What to do –
Please set down, word for word, the line that contains "Bath Gift Sets" and every line after it to the end of the entries below, omitting the pictures.

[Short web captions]
----------

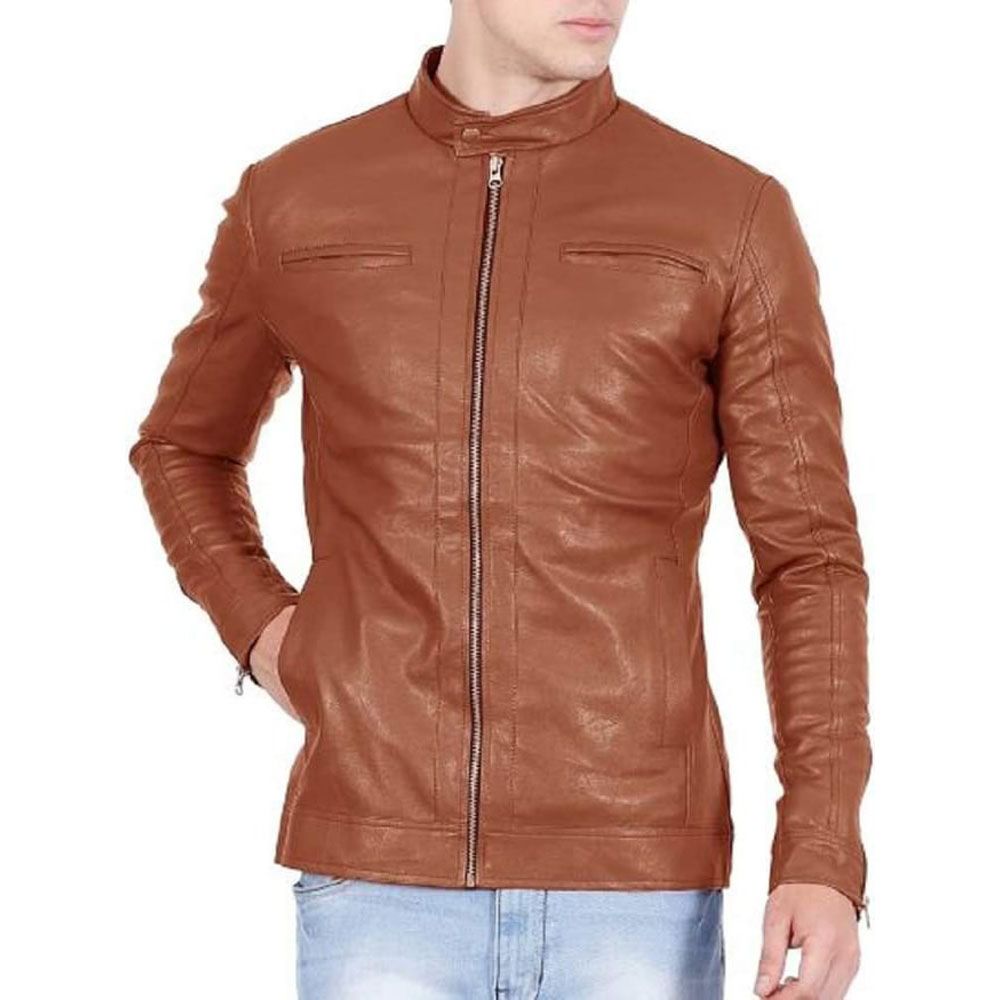 Men Fashion PU Artificial Leather Jacket For Winter Autumn
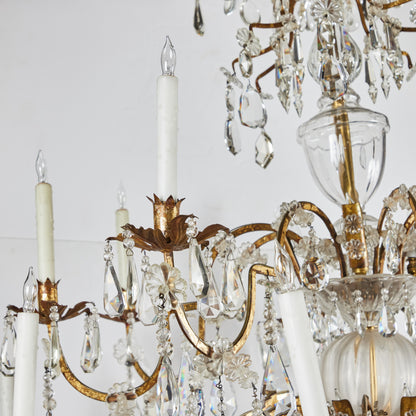 Exceptional 28 Light Gilt Tole and Crystal Chandelier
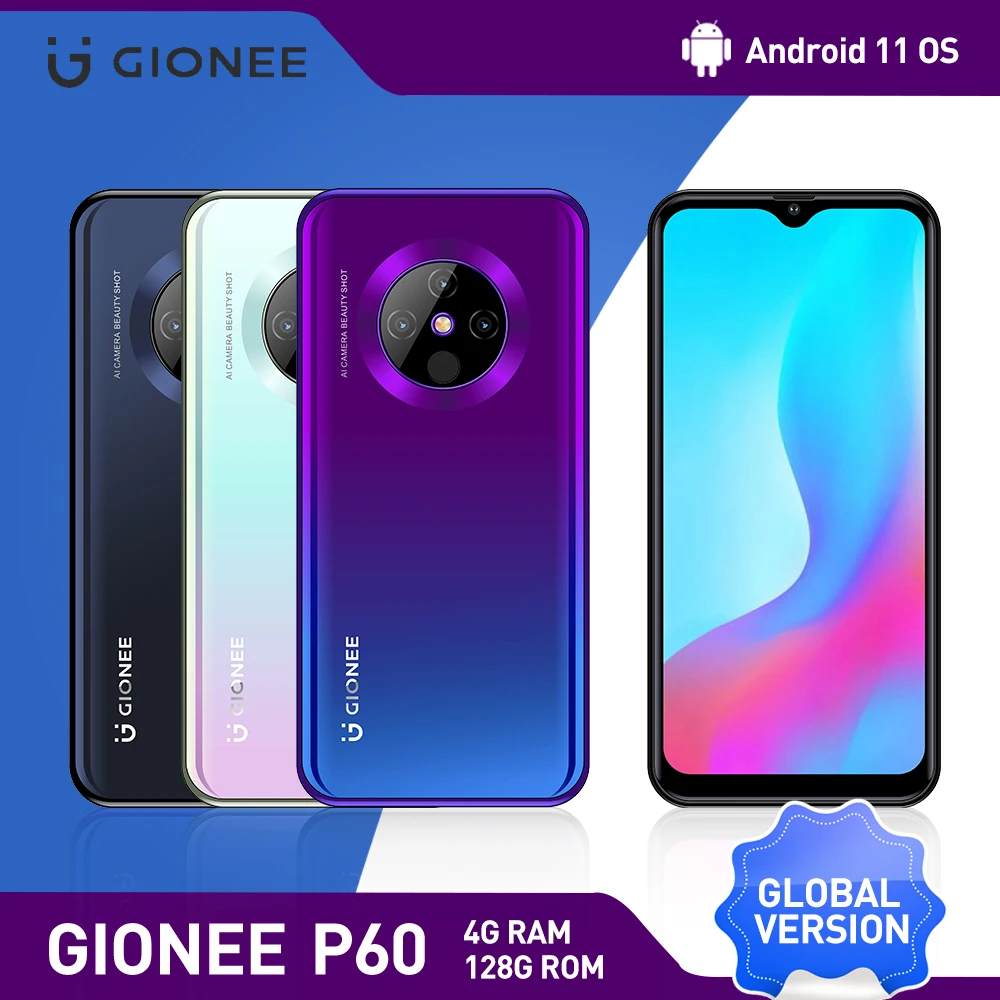 

Глобальная версия GIONEE P60 мобильных телефонов Android 11 4GB128GB 6,53 дюймов HD + экран смартфон 4000 мАч Восьмиядерный 13MP мобильный телефон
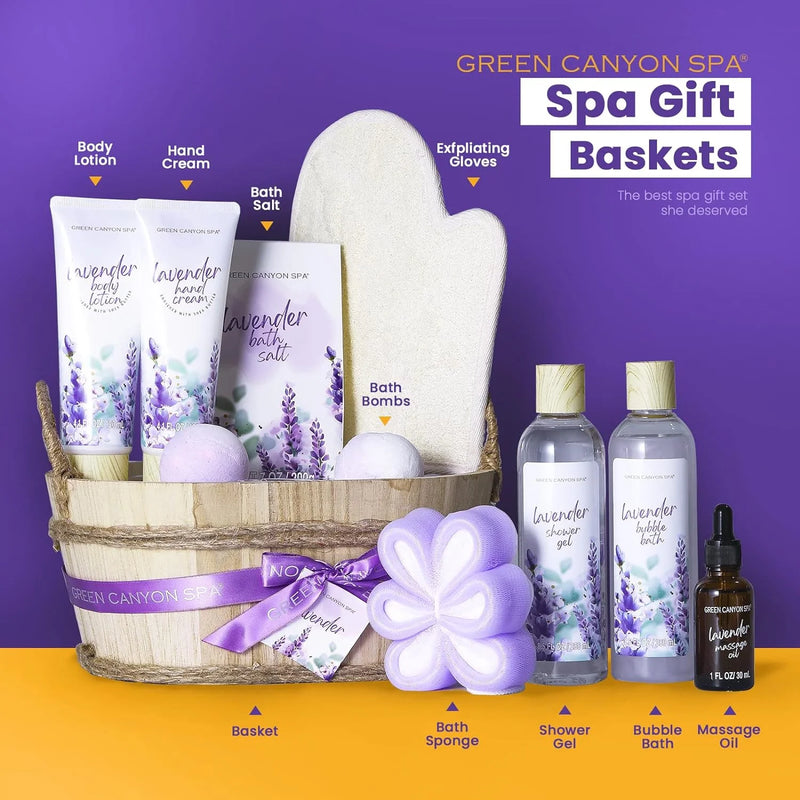 Bath Gift Sets for Women, 11Pcs Lavender Spa Baskets Gift Kits, Relaxing Birthday Mothers Day Gifts for Mom - Puck's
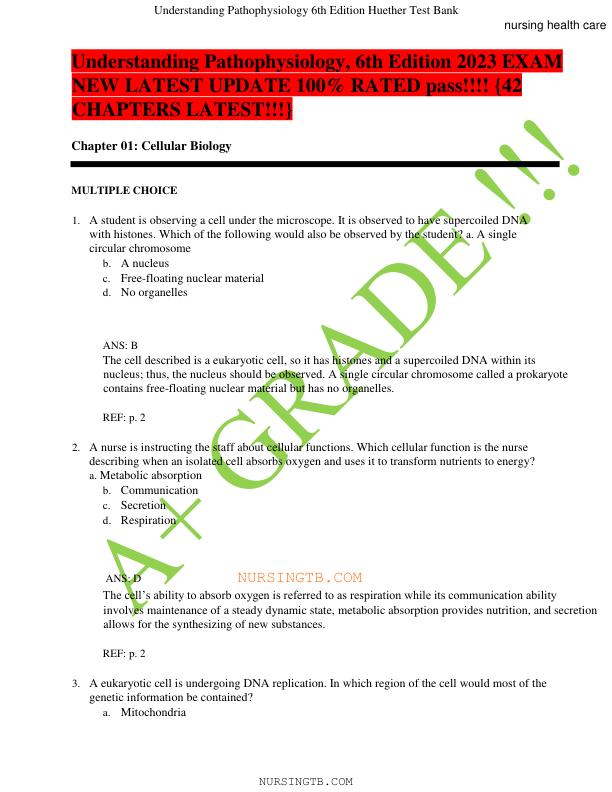 Huether and McCances Understanding Pathophysiology 2nd CANADIAN Edition Power Kea Test bank  All Chapters.pdf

----------

Exercise response –
 Bath Gift Sets for Women, 11Pcs Lavender Spa Baskets Gift Kits, Relaxing Birthday Mothers Day Gifts for Mom - Puck's
 Huether and McCances Understanding Pathophysiology 2nd CANADIAN Edition Power Kea Test bank  All Chapters.pdf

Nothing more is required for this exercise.